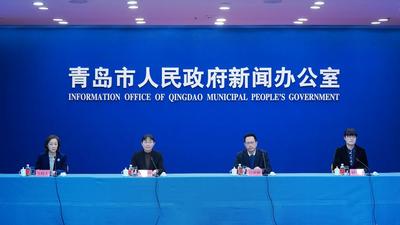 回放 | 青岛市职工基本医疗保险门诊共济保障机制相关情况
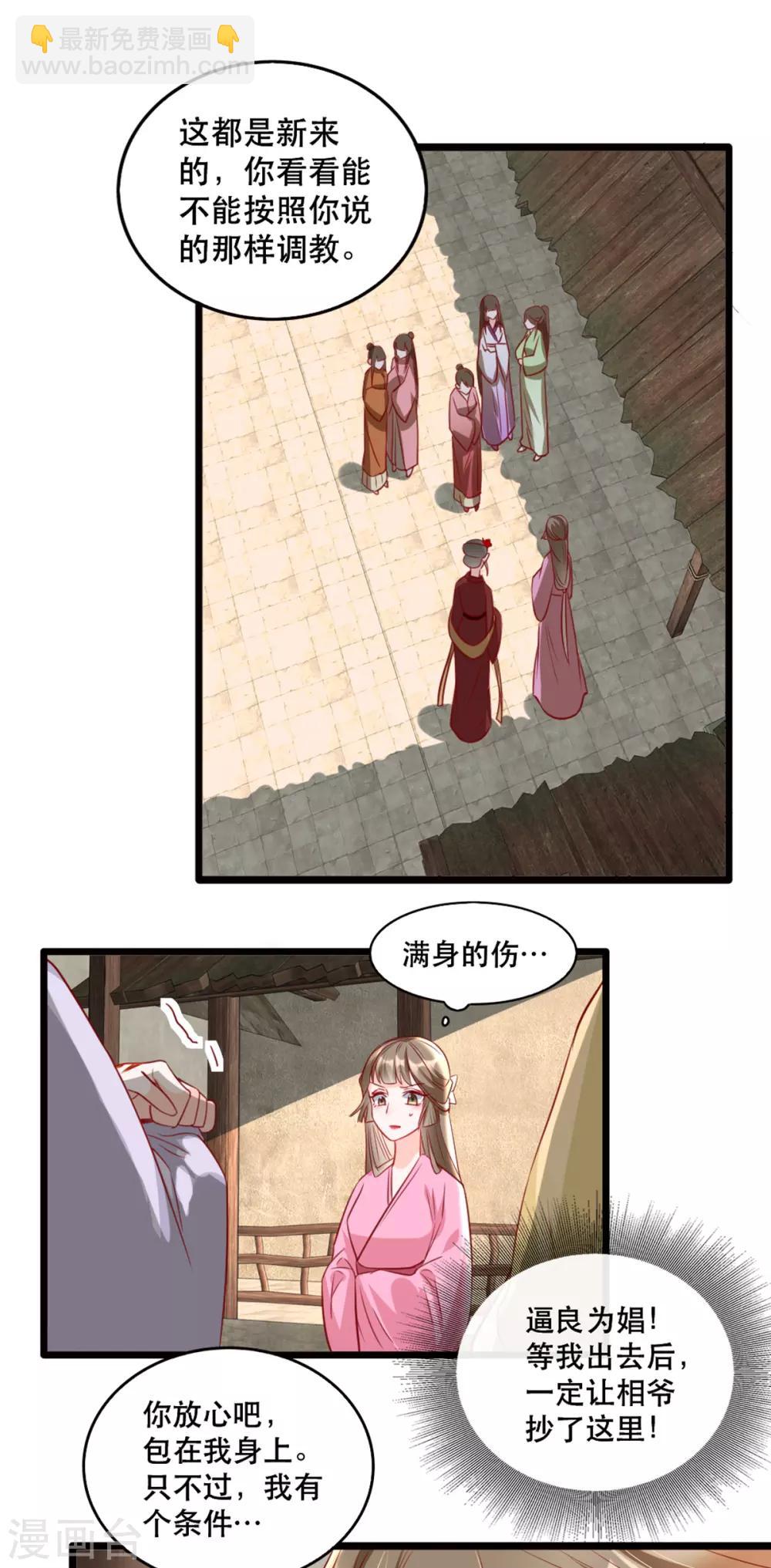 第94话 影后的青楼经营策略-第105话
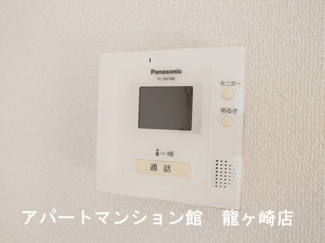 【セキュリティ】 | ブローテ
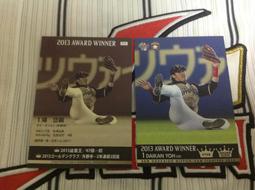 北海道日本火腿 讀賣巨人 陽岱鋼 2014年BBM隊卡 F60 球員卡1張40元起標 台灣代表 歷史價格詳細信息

____________

> _Exercise goal_: What the answer must hold: all the data above, given again exactly, without pictures.

> _Solution to this exercise_:
 回放 | 青岛市职工基本医疗保险门诊共济保障机制相关情况
 第94话 影后的青楼经营策略-第105话
 【セキュリティ】 | ブローテ
 北海道日本火腿 讀賣巨人 陽岱鋼 2014年BBM隊卡 F60 球員卡1張40元起標 台灣代表 歷史價格詳細信息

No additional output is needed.